With the race to the Oscars in the final stages here we have the last of the big contenders to throw its Texas cowboy hat into the ring. This is a script which has been in one pipeline or another for twenty years and endured numerous false starts. With the apparently undesirable subject matter of a homophobic cowboy selling drugs to dying homosexual aids sufferers the project has consistently been deemed untouchable. The same pitfall nearly scuppered this attempt to commit the script to celluloid as backers pulled out at the last minute. Nonetheless, production forged ahead on a budget of $5 million dollars (provided by new equity provider Truth Entertainment) and only 25 days to complete the shoot (down from 40 days). This was a labour of love, and it shows.

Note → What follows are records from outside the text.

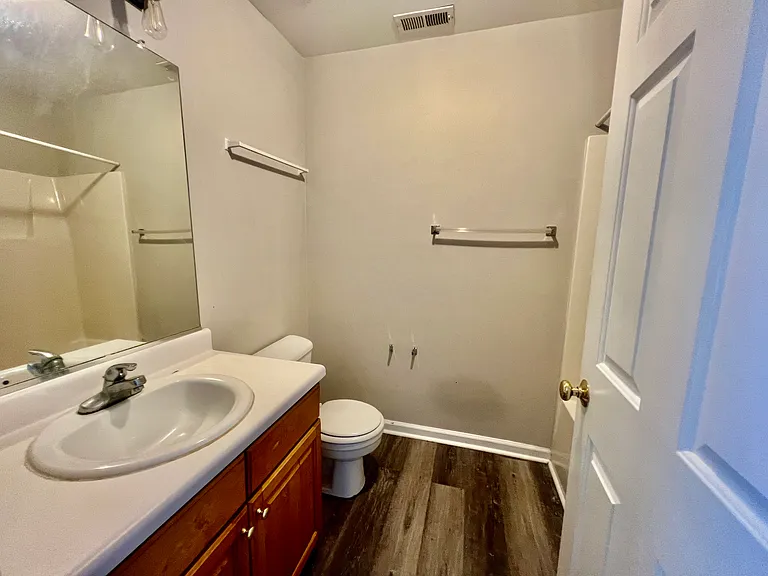 2829 Bennington Dr — Photo 8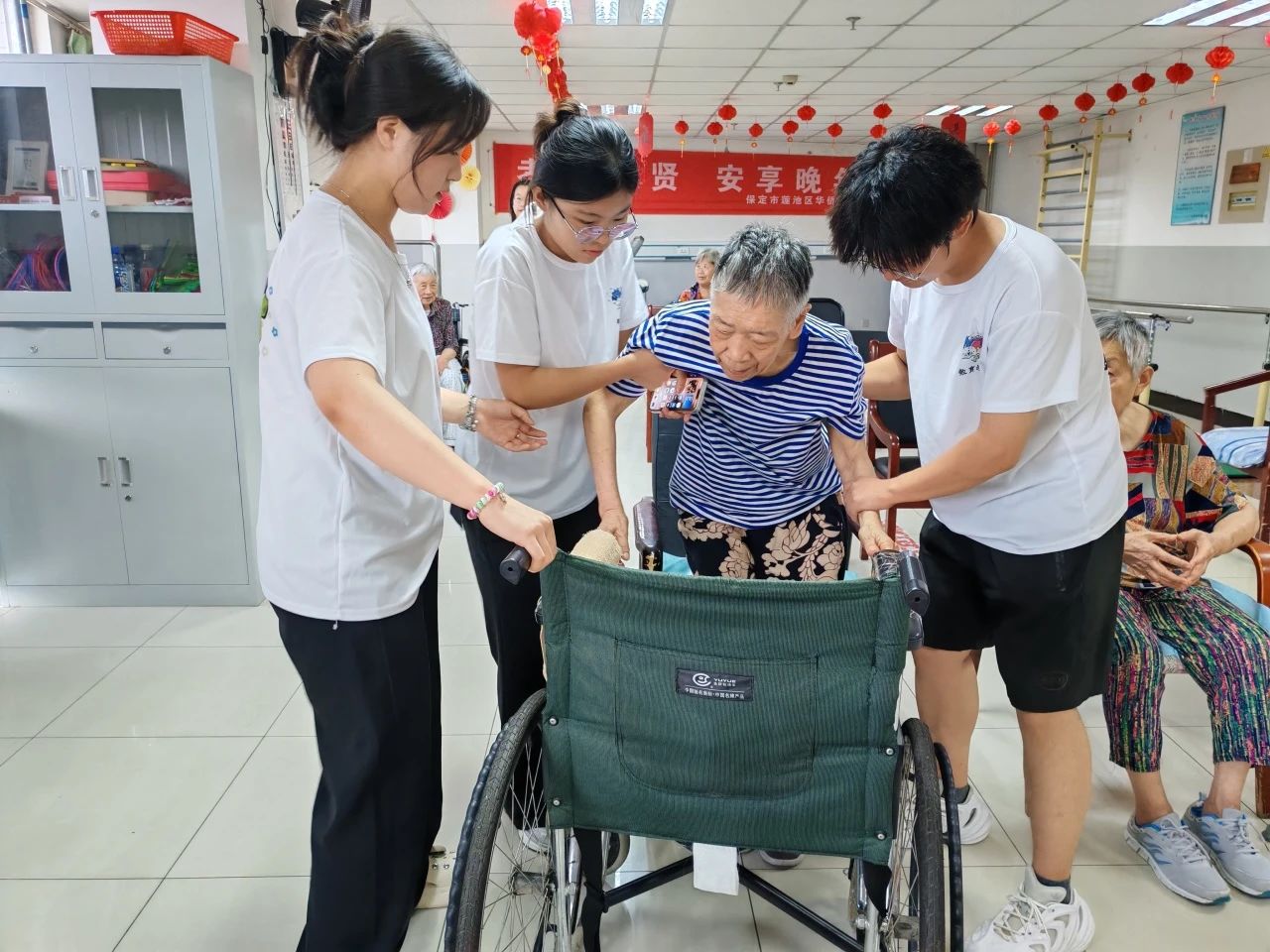 暑期社会活动实践（四）：青春暖夕阳，实践绽芳华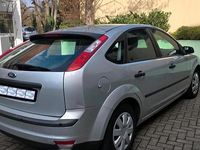 Gebraucht Ford Focus 101 PS (74 kW) 2005 Silber Kleinwagen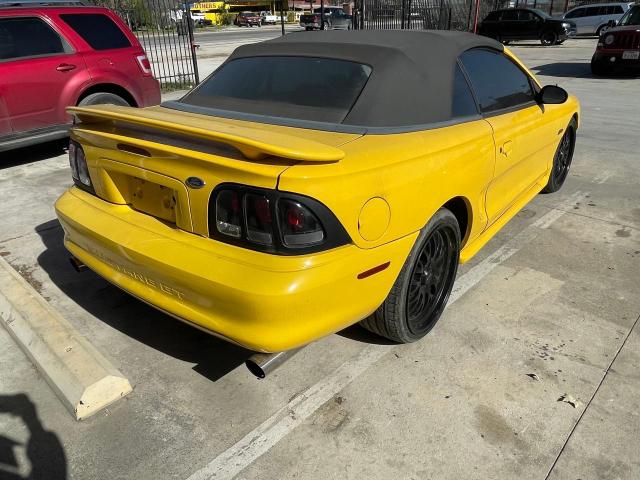 1FAFP45X1WF201968 - 1998 FORD MUSTANG GT YELLOW photo 4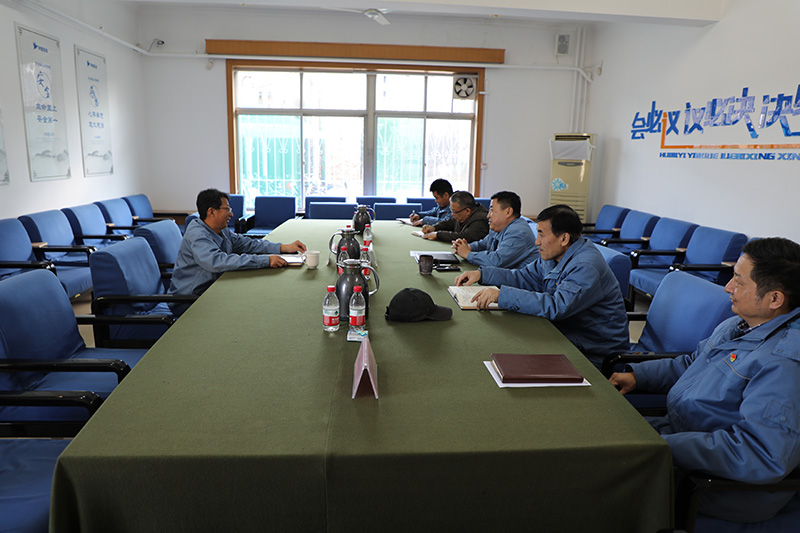 濟(jì)南煉化公司總經(jīng)理溫傳忠來公司調(diào)研座談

For what is easily the performance of his career Matthew McConaughey plays the charismatic yet charmless Ron Woodruff in this big screen telling of his true life story. There is no escaping that the movie completely rests on McConaughey’s shoulders as there is barely a scene in which he does not feature and he is effortlessly brilliant in each and every one of them. Defying all the archetypes we have come to associate with his on screen persona he shows gut punching vulnerability and a dark complexity that has certainly caught many previous detractors off guard. After undergoing truly shocking weight loss for this role he strikes a gaunt ghostly figure, but triumphantly reaches the audience on a universal human level rather than through a bulging chest or ripped abs. The same can be said of supporting co-star Jared Leto who gently shines as trans woman Rayon, breaching boundaries of gender identity to a place everybody can reach, summed up in the hauntingly delivered line: ‘I don’t want to die!’

Minor online controversy surrounding the accuracy of the portrayal of Woodruff as a homophobe, with some even suggesting that he was bisexual, is understandable but a little misplaced. During that period in history many would favour keeping such things private and would not want to openly be associated with the gay community. While we can all agree that this damages the credibility of the narrative truth of the movie (he also had a daughter and a sister who have been completely erased) it does not take away any of the bigger truths about the situation with HIV in the 80s and the desperation of those who had been left for dead by their government and shunned by the wider community. 

Like many of the other historical movies hitting the big screen at the moment, The Railway Man and 12 Years a Slave come to mind, Dallas Buyers Club shows us a different side to a well known historical event furthering our understanding of the period and its struggles. The transformation of Woodruff in the film is clearly plotted and hard fought; he is no easy convert for the people he begins to treat, but through shared suffering and a common foe his outlook changes, just as anyone’s would when starring their own mortality square in the eye.

Combining historical elements with a well worked script and some career defining performances Dallas Buyers Club is profound without preaching and will connect with even the hardest of audiences by conveying its story in language that everyone can relate to.